Required work
The required output is a verbatim transcription of the listing, pictures excluded.

### Information supplied

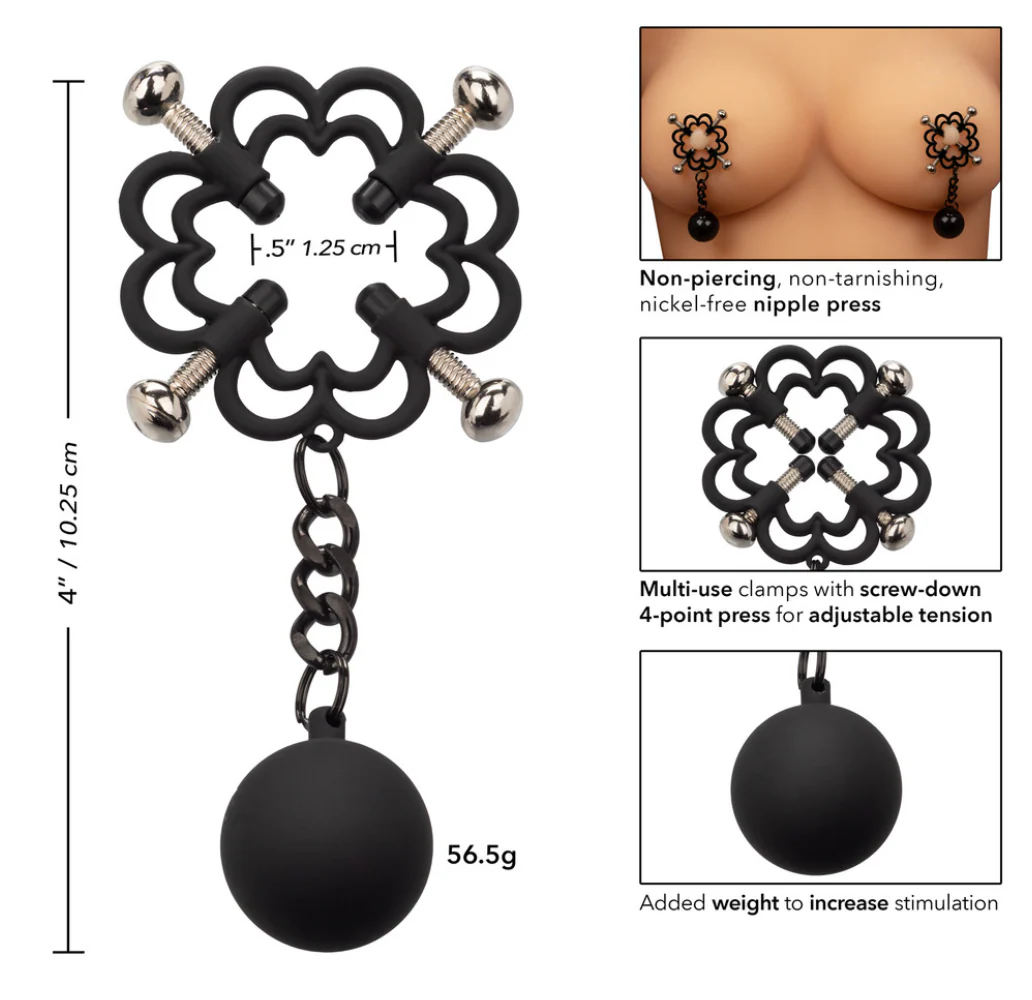 Pezoneras Nipple Grips Power Grip 4-Point Weighted Nipple Press - Image 2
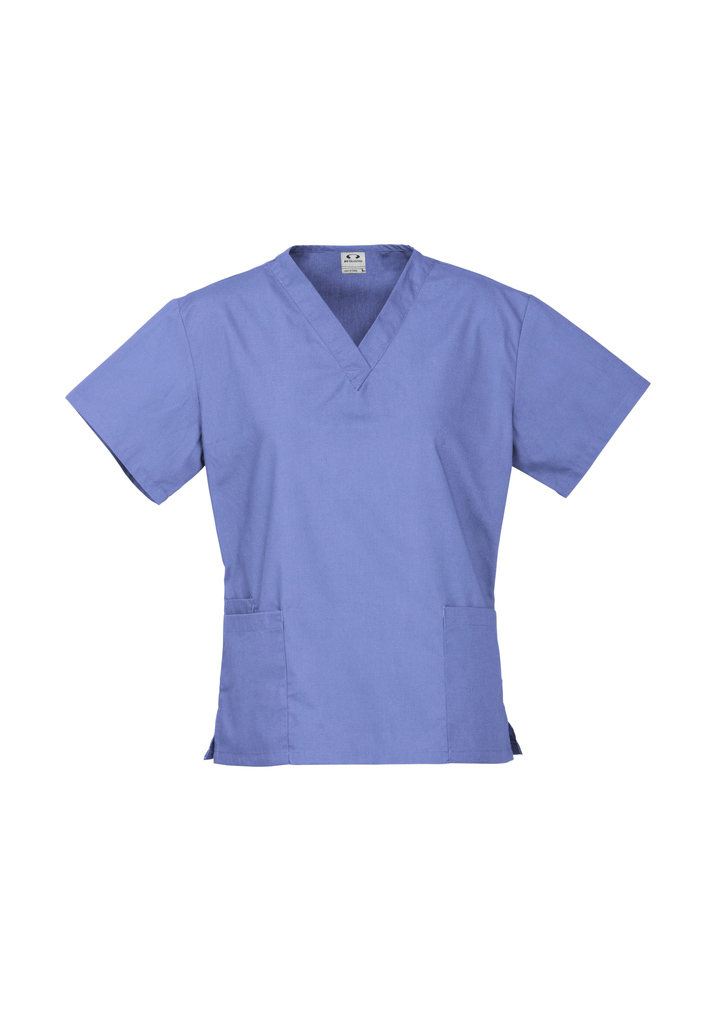 Get Mid Blue Ladies Classic Scrubs Tops Online in Perth, Australia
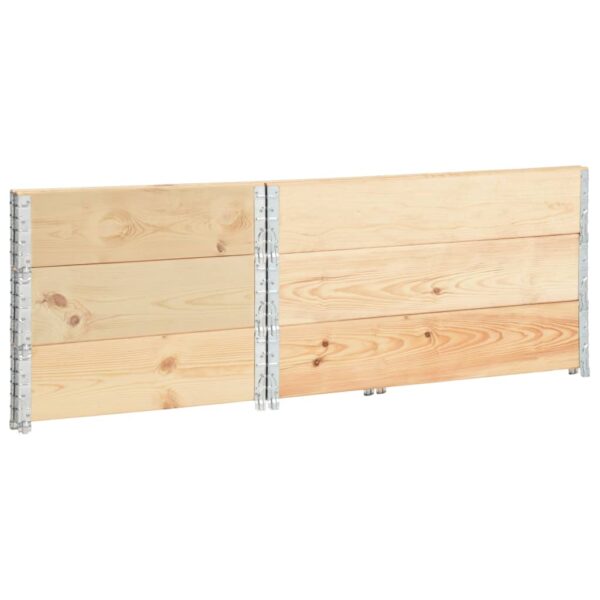 vidaXL Pallet Collars 3 pcs 19.7"x39.4" Solid Pine Wood - Image 4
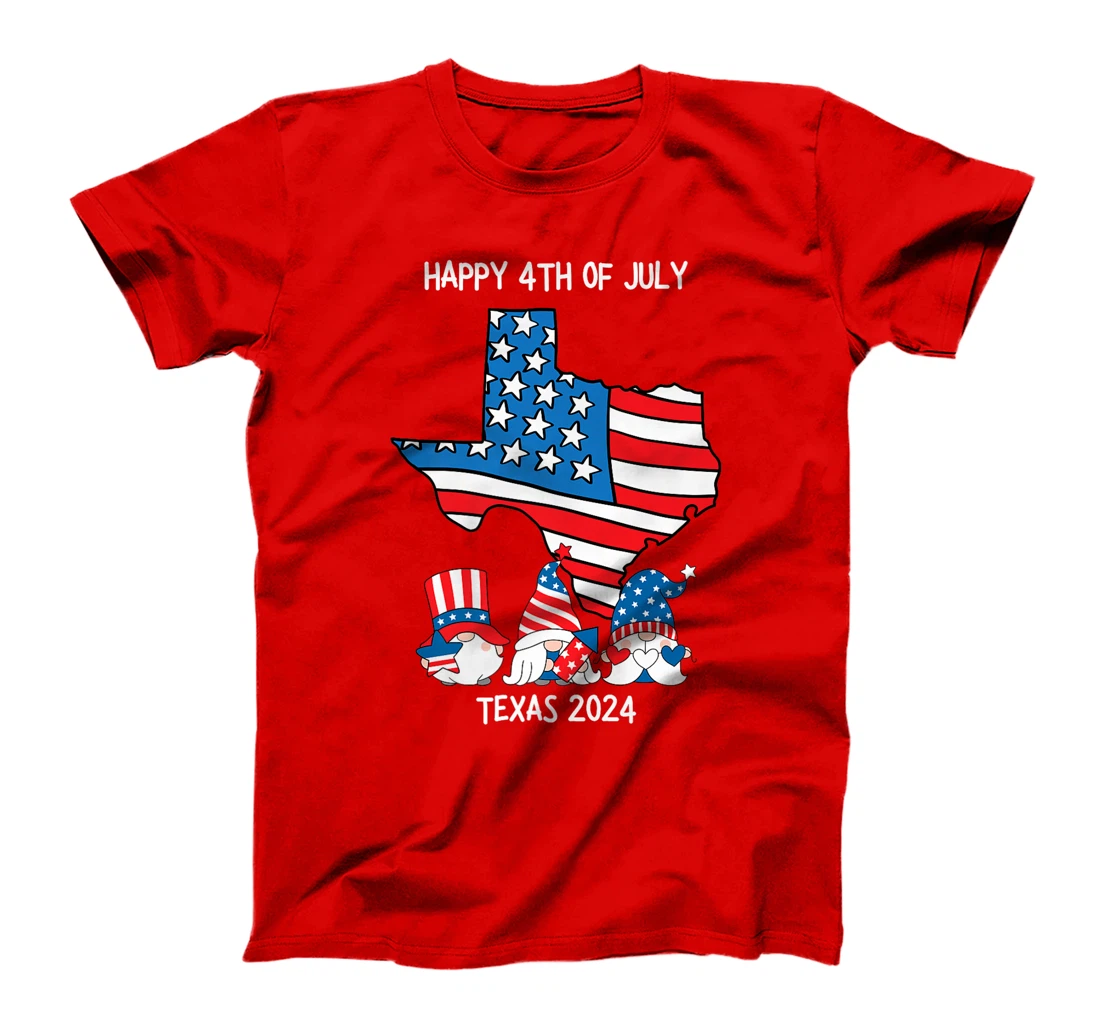 4th Of July 2024 Patriotic Gnomes Funny USA Texas Premium T-Shirt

######

Solution for this problem
 Pezoneras Nipple Grips Power Grip 4-Point Weighted Nipple Press - Image 2
 Get Mid Blue Ladies Classic Scrubs Tops Online in Perth, Australia
 vidaXL Pallet Collars 3 pcs 19.7"x39.4" Solid Pine Wood - Image 4
 4th Of July 2024 Patriotic Gnomes Funny USA Texas Premium T-Shirt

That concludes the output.